Marcos y Ana están a punto de preguntarme a dónde quiero llegar con esto. Les cuento que la vida de Irina, más allá de los sinsabores más o menos comunes que todos tenemos, no es un jardín de rosas. No corre la coneja, es cierto. Es joven, exitosa en su profesión, respetada etc., etc. Pero Irina esconde algo. No sé decir qué es pero es algo con ella misma. Una insatisfacción más incómoda que la que solemos tener cuando el espejo nos devuelve el reflejo tamizado por nuestra mirada. Algo que la hace estar a prueba todo el tiempo, rindiendo examen a toda hora, a cada minuto. Una incapacidad para estar en silencio mirando el techo y conversando consigo misma sin producir nada. Una hiperquinesia que sospecho que se vuelve una tara en su vida. Durante la cuarentena me llamó un par de veces.

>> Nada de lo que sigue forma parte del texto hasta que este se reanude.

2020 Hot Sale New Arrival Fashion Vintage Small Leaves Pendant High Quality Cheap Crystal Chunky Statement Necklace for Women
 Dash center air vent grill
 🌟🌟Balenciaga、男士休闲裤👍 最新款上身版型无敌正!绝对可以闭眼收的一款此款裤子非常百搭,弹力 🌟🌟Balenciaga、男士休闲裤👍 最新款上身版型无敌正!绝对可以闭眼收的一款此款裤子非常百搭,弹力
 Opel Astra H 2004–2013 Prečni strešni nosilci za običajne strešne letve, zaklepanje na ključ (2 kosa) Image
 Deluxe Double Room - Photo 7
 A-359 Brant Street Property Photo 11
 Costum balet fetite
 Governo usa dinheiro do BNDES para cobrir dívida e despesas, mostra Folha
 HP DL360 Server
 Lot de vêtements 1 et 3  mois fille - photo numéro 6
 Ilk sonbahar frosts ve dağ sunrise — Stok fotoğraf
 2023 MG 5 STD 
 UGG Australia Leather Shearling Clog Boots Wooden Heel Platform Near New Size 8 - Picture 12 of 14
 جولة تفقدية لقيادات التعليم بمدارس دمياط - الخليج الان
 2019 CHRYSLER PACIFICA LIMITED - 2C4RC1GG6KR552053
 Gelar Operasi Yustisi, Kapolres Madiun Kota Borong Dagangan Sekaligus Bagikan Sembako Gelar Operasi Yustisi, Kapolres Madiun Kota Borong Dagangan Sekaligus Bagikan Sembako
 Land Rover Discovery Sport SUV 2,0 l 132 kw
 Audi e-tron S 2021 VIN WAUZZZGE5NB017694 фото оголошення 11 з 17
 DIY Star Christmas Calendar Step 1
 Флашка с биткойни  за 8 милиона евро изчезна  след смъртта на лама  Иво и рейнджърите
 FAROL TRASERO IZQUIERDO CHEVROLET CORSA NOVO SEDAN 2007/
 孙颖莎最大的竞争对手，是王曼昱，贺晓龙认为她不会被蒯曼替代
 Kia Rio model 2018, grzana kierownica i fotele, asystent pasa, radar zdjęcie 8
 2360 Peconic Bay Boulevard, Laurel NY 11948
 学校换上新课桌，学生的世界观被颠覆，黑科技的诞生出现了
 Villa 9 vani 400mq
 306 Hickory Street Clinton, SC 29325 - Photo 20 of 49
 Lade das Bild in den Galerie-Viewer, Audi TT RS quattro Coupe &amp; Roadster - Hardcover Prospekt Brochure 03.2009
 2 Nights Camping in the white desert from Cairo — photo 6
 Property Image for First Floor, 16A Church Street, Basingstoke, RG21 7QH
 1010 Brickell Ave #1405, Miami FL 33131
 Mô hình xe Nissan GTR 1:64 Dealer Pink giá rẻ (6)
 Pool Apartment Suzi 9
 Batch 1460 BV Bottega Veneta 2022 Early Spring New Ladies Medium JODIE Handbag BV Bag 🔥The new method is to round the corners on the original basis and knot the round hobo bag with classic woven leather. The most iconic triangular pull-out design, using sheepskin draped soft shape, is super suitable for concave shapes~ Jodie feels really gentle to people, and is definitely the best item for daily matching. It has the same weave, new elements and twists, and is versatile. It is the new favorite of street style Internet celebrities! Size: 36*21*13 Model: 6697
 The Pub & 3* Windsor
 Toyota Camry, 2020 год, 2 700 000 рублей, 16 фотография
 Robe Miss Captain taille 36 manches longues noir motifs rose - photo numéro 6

Me contó que su papá estaba enfermo con alguna variedad de cáncer ni muy agresivo ni muy inofensivo pero que estaba preocupada y no podía verlo. Su calma parecía un poco impostada, como si estuviese al borde del llanto. Supongo que me lo contaba porque no iba a devolverle esos lugares comunes de la lástima. Creo que me lo contaba para ponerlo en palabras y al mismo tiempo procesarlo. Algunos psicoanalistas que abusan del alcohol dicen que poner en palabras el dolor es el inicio del camino de la cura. No nos dicen nunca la cantidad de peajes que hay en el medio.
Marcos y Ana ya no están en estado de seguir escuchando. Creo que se dieron por satisfechos amén del pedo fenomenal que tienen. No insisten en que hable de mí. Pura ganancia. Mientras se van a dormir y me preparan un colchón cerca de un aire acondicionado ruidoso me quedó junto a un árbol empinando lo que queda de una sidra gelatinosa. Ya no se escucha cumbia en el barrio. Los de enfrente cerraron el portón y apagaron la luz. Muy a lo lejos en el cielo se ve que no queda mucho para que empiece a clarear. Busco el punto en la noche en la que Marcos y luego Ana fijaron la mirada para perderse en sus propias ideas. Creo que lo encuentro. Yo también digo «la concha de dios» y pienso en algo. Luego, me voy a dormir.